Italian construction firm Salini SpA received a major blow to its Africa expansion plans when, late in June, Namibia's high court overturned its $280-million construction contract for the Neckartal Dam.
The court ordered the contract to be rebid after a successful challenge by one losing bidder, CSC Neckartal Dam, a consortium made up of South African, Italian and Lebanese firms.
The rebid will be the project's third attempt at contract award since 2011, says a published report in Africa.
Namibia is constructing the dam on the Fish River, 40 kilometers west of Keetmanshoop, in Namibia.
The court said the country's tender board ignored recommendations from the project's steering committee on the bidding process and selection of a contractor.
The steering committee, made up of ministry officials and a representative from its South Africa-based project consultant, Knight Piésold, picked a joint venture of France's VINCI and Egypt's Orascom as the preferred bidder for the project. The tender board overruled its recommendation.
That joint venture also had challenged the award, but withdrew its lawsuit and its involvement in the project for undisclosed reasons.
The court said the board also ignored a committee request for details from bidders related to key project staff members, which amounted to “material non-disclosure,” said the judges.
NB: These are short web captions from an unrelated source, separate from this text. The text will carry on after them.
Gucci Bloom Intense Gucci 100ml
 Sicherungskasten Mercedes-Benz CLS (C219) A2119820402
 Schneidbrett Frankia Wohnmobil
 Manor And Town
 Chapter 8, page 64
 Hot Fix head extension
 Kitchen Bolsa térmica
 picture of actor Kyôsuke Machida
“The opposing views of the expert consultants as to who should be recommended and why, were not disclosed to the tender board, the court said. "The cumulative effect ... is, in our view, devastating to the legality of the decision-making and deprived the tender board from being able to apply its mind properly to the enquiry before it.”
Earlier, the contract had been awarded to Chinese firm China Henan International Cooperation Group, but that procurement was later cancelled and the government ordered a rebid.
Salini, which won the rebid, bid about $290 million. The firm could not be reached for comment.
The first phase of the Neckartal Irrigation Scheme, the dam is located in the country's southern Karas region along the Fish River.
The 80-meter-high, roller-compacted-concrete dam will harness the river to create a reservoir with a capacity of 857 million cu m. The water will be used to irrigate an estimated 5,000 hectares.